To clarify, FNA supports all NVIDIA architectures since Pascal, and natively targets all architectures up to and including Ampere, and in theory can also target Ada Lovelace. Extension to natively target Hopper Tensor Cores, TMA, and programming model, along with other architectures is in our list of future works. Our intention is to provide the best possible implementation to accelerate research in this direction, and thus far we have only had experience working with NVIDIA hardware, and only had NVIDIA hardware at our disposal. That said, it is possible to extend our implementations to ROCm (AMD GPUs), Metal (Apple Silicon), and more, but as other reviewers have suggested, we may even look into Triton based implementations as well in order to get there more quickly.

2024-08-14

I appreciate the response from the authors, especially the clarification on the applicable architecture.
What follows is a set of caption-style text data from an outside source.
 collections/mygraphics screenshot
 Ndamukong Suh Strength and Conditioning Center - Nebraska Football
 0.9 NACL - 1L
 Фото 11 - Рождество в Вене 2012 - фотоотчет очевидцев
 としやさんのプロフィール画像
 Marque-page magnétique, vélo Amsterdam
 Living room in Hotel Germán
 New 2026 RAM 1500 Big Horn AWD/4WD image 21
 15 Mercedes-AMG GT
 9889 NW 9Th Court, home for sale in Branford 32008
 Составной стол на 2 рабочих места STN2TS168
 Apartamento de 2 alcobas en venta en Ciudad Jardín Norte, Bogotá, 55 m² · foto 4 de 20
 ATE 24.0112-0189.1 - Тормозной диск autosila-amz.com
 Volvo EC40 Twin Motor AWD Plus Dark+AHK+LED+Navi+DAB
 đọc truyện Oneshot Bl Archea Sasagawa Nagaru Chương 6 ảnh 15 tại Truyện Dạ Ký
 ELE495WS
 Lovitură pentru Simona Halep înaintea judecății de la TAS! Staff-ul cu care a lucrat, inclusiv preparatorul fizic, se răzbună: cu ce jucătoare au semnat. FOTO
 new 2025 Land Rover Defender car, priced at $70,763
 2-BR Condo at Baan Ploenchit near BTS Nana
I would like to raise the score.

2024-08-14

We sincerely thank you for your feedback and your rating.

作者回复

2024-08-04

We thank the reviewers for their time and their valuable feedback and suggestions.

We've posted individual rebuttals, and hope to have answered their questions and concerns.

Please let us know if there are any more questions, and we would be happy to elaborate further.

最终决定Accept (poster)

2024-09-25

The paper locates at the interface of systems hardware and neural architectures, and provides optimized fused CUDA kernels that significantly speed up neighborhood attention (such as popular sliding window attention) variants, a key element of modern transformer models. Reviewers valued the principled engineering work performed here and the level of efficiency gains.

For the camera-ready version, we urge the authors to incorporate the mentioned feedback by the reviewers.